Colleen - 1 year ago 63
SQL Question

# how do I set one variable equal to another in pig latin

I would like to do

register s3n://uw-cse344-code/myudfs.jar
-- load the test file into Pig
-- later you will load to other files, example:

-- parse each line into ntriples
ntriples = foreach raw generate FLATTEN(myudfs.RDFSplit3(line)) as (subject:chararray,predicate:chararray,object:chararray);

--filter 1
subjects1 = filter ntriples by subject matches '.*rdfabout\\.com.*' PARALLEL 50;
--filter 2
subjects2 = subjects1;


but I get the error:

2012-03-10 01:19:18,039 [main] ERROR org.apache.pig.tools.grunt.Grunt - ERROR 1200: mismatched input ';' expecting LEFT_PAREN

so it seems pig doesn't like that. How do I accomplish this?

i don't think that kind of 'typical' assignment works in pig.
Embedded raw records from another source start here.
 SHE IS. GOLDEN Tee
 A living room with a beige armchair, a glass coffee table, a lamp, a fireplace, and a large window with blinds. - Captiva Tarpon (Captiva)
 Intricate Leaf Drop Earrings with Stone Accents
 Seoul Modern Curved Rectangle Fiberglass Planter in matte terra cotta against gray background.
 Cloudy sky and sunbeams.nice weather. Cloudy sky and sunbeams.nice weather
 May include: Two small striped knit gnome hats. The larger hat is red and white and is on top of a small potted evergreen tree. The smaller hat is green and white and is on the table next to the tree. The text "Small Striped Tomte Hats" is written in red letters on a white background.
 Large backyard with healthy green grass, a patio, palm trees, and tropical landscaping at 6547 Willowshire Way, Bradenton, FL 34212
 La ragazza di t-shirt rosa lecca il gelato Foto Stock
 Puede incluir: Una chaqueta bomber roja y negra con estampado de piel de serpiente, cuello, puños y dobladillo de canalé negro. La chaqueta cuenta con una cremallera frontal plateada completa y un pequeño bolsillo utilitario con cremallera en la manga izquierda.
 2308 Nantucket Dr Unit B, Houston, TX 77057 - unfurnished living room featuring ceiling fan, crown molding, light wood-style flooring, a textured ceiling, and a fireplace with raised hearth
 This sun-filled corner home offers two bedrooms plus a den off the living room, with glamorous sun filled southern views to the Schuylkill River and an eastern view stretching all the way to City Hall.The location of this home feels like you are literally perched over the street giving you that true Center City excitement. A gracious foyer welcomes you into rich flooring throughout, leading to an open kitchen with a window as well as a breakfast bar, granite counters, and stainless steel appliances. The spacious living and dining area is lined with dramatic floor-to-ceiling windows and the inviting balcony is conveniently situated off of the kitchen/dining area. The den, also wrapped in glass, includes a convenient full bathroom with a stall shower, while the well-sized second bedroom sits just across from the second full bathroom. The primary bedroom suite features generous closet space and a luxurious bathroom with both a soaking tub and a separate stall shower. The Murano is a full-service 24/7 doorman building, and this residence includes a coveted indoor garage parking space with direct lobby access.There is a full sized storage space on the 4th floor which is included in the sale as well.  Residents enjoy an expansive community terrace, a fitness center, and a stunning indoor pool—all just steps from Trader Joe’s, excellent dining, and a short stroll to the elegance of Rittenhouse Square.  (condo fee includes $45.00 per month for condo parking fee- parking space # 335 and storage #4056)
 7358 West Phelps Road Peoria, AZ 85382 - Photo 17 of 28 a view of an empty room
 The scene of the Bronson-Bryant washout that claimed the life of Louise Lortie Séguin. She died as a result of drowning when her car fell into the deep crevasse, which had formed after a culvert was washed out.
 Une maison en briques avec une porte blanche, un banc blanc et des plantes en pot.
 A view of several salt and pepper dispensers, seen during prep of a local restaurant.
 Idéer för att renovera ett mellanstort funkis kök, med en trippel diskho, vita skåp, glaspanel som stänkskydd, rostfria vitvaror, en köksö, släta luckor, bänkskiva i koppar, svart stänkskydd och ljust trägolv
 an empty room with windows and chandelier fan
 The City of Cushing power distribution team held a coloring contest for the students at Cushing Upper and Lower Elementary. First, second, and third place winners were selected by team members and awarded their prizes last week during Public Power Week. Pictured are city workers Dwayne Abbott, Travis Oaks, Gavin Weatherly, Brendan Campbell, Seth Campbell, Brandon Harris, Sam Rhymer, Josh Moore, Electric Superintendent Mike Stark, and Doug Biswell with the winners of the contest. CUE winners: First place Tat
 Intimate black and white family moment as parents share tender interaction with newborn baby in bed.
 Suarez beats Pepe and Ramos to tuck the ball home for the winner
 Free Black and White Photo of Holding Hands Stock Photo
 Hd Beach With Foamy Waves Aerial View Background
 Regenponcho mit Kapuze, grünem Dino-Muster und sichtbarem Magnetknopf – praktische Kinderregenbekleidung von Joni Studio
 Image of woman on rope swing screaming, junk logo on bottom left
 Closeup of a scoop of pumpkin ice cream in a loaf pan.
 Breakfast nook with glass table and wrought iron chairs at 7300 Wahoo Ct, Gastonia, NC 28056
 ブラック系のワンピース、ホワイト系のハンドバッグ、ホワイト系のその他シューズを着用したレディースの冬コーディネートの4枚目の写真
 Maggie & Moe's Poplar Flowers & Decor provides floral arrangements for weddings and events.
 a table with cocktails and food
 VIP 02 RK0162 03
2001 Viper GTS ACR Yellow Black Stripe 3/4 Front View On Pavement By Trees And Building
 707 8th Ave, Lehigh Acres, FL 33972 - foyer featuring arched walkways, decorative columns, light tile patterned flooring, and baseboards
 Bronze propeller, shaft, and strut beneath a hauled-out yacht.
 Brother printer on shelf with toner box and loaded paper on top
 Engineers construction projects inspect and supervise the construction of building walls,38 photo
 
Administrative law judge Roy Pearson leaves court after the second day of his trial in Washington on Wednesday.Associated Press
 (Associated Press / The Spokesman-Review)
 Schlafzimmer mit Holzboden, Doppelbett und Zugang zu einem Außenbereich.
It's not really a programming language in the strict sense - it's a high-level language on top of hadoop with some specialized functions.

i think you'll need to simply re-project the data from subjects1 to subjects2, such as:

subjects2 = foreach subjects1 generate $0,$1, \$2;


another approach might be to use the LIMIT function with some absurdly high parameter.

subjects2 = subjects2 LIMIT 100000000 ;

there could be a lot of reasons why that doesn't make sense, but it's a thought.

i sense you are considering doing things as you would in a programming language

• i have found that rarely works out like you want it to but you can always get the job done once you think like Pig.